§ **WHAT TO DO**
Starting with the line below that holds "The Duca Di" and stopping after the line that holds "Gloved clinician draws", transcribe the lines exactly, leaving out all pictures.

===== RECORDS TO USE

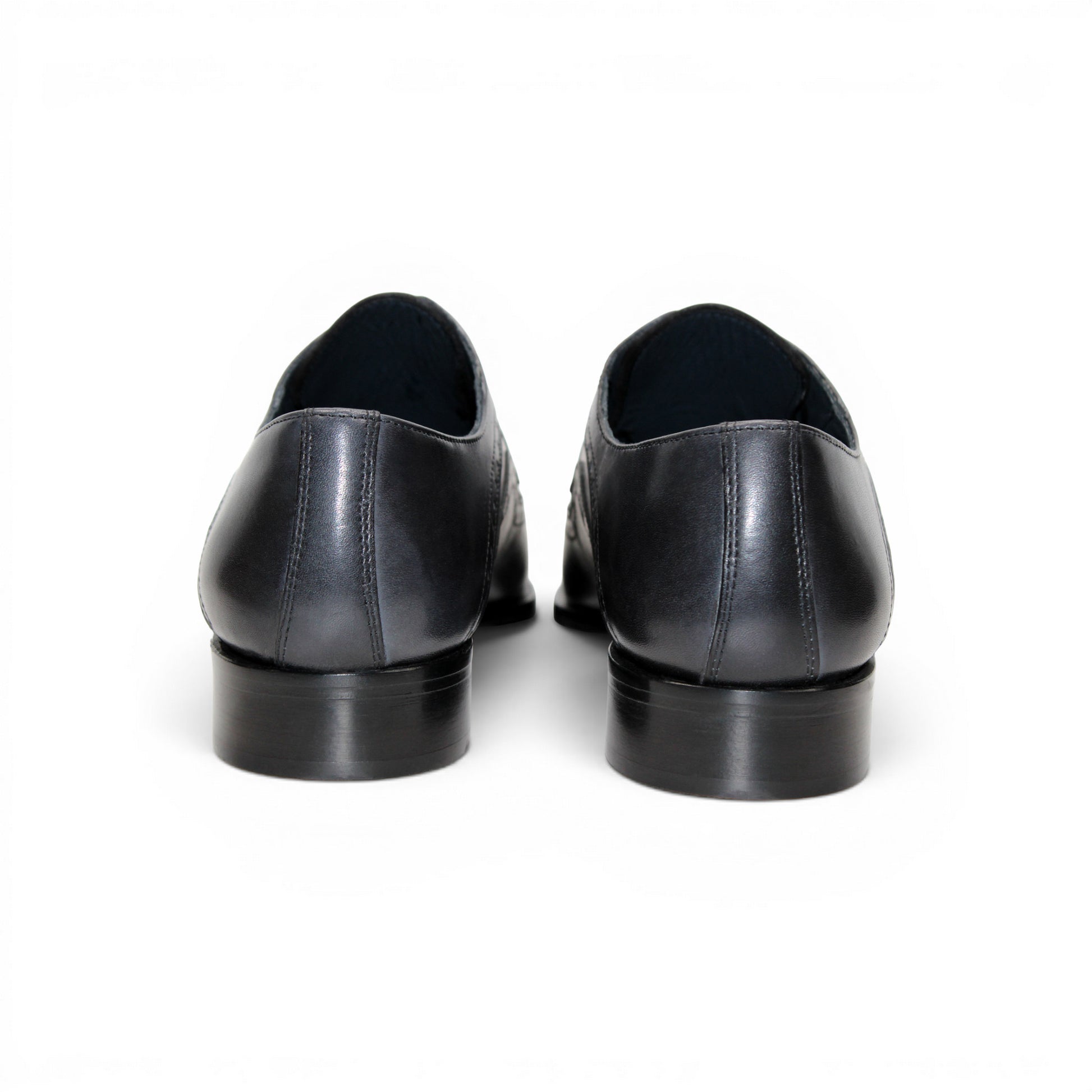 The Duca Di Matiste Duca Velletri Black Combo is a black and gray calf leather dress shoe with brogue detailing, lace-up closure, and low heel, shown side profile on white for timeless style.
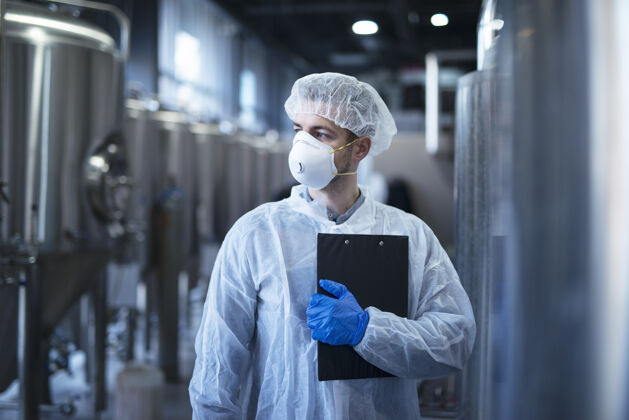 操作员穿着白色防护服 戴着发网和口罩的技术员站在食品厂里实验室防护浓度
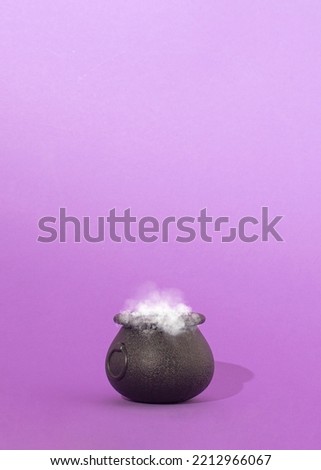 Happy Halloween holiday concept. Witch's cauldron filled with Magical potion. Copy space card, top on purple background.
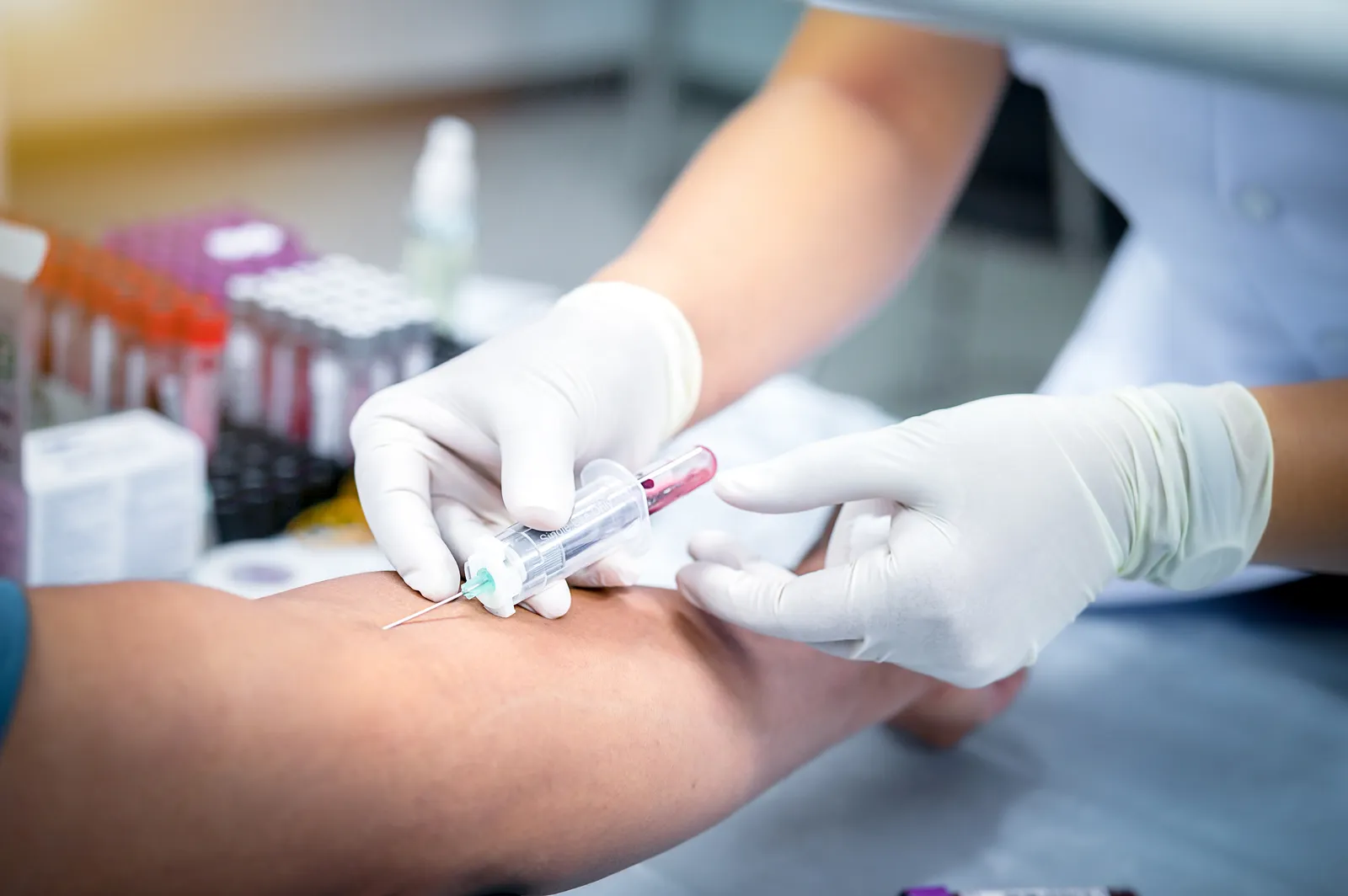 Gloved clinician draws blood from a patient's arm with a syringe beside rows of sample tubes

==========
===== RECORDS TO USE

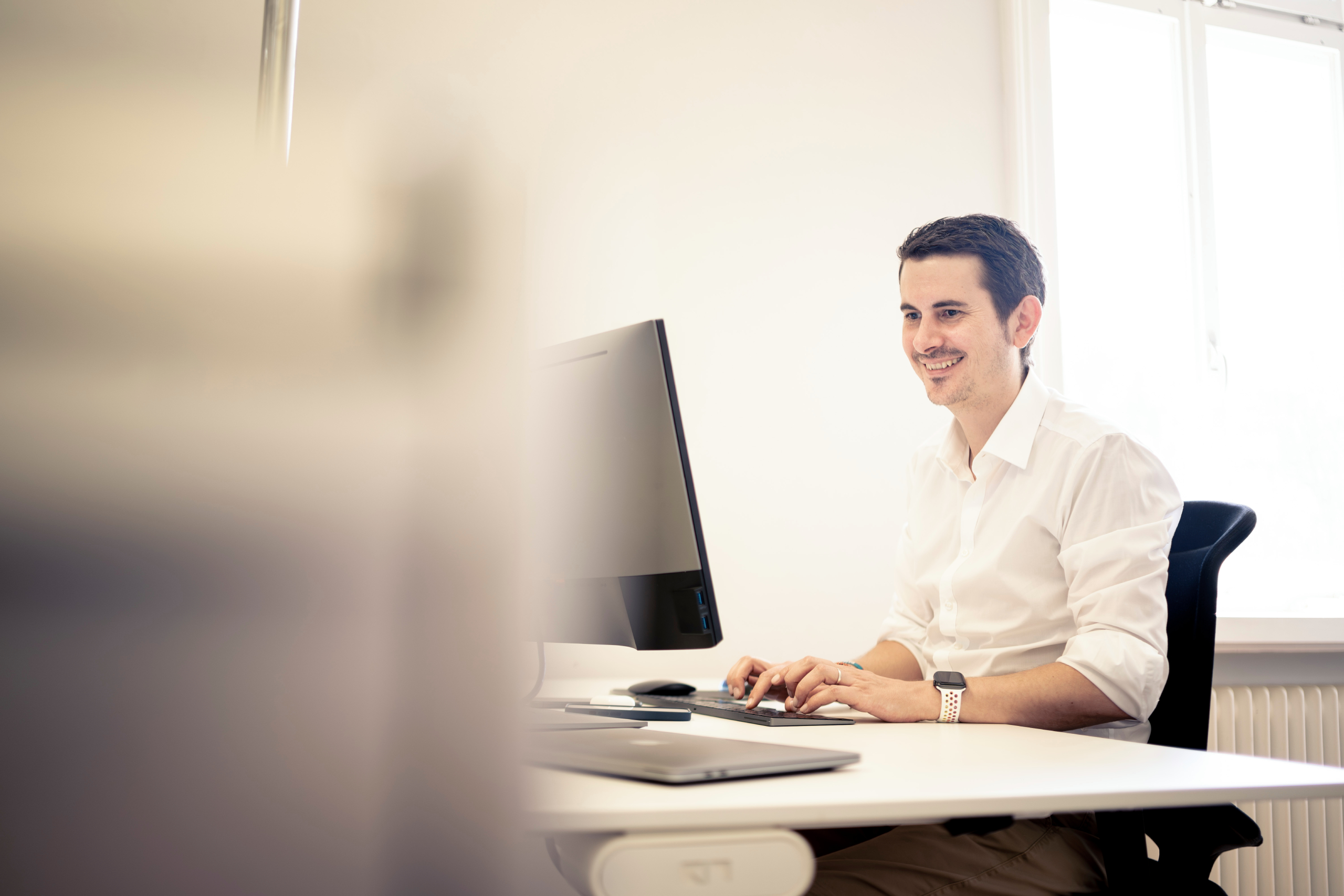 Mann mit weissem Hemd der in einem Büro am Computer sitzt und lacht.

==========

§ **ANSWER TO THE EXERCISE**
 The Duca Di Matiste Duca Velletri Black Combo is a black and gray calf leather dress shoe with brogue detailing, lace-up closure, and low heel, shown side profile on white for timeless style.
 操作员穿着白色防护服 戴着发网和口罩的技术员站在食品厂里实验室防护浓度
 Happy Halloween holiday concept. Witch's cauldron filled with Magical potion. Copy space card, top on purple background.
 Gloved clinician draws blood from a patient's arm with a syringe beside rows of sample tubes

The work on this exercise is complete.